DATA LISTING below:

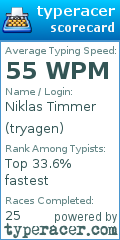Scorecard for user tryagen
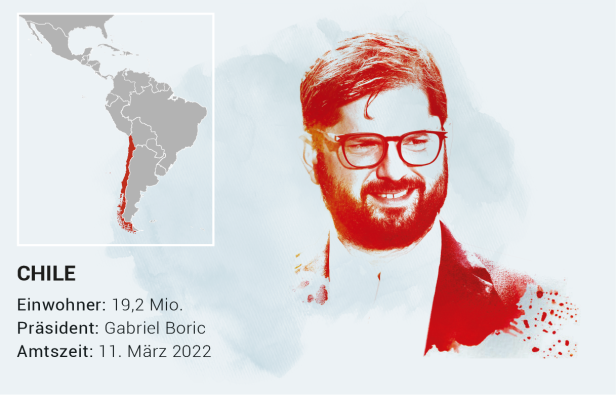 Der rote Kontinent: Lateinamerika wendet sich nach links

End of DATA LISTING.
DATA LISTING below:

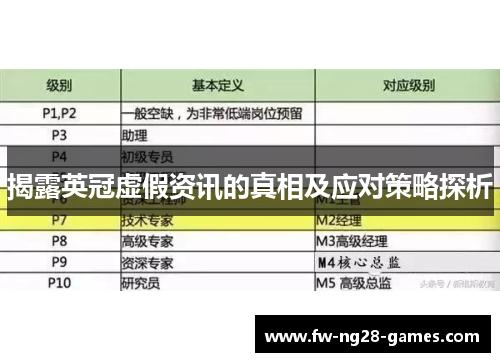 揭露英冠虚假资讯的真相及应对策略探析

End of DATA LISTING.

Where a picture appears in the records above, omit it, and transcribe exactly the stretch of lines from the one with "Scorecard for user tryagen" through the one with "Der rote Kontinent: Lateinamerika".

Scorecard for user tryagen
 Der rote Kontinent: Lateinamerika wendet sich nach links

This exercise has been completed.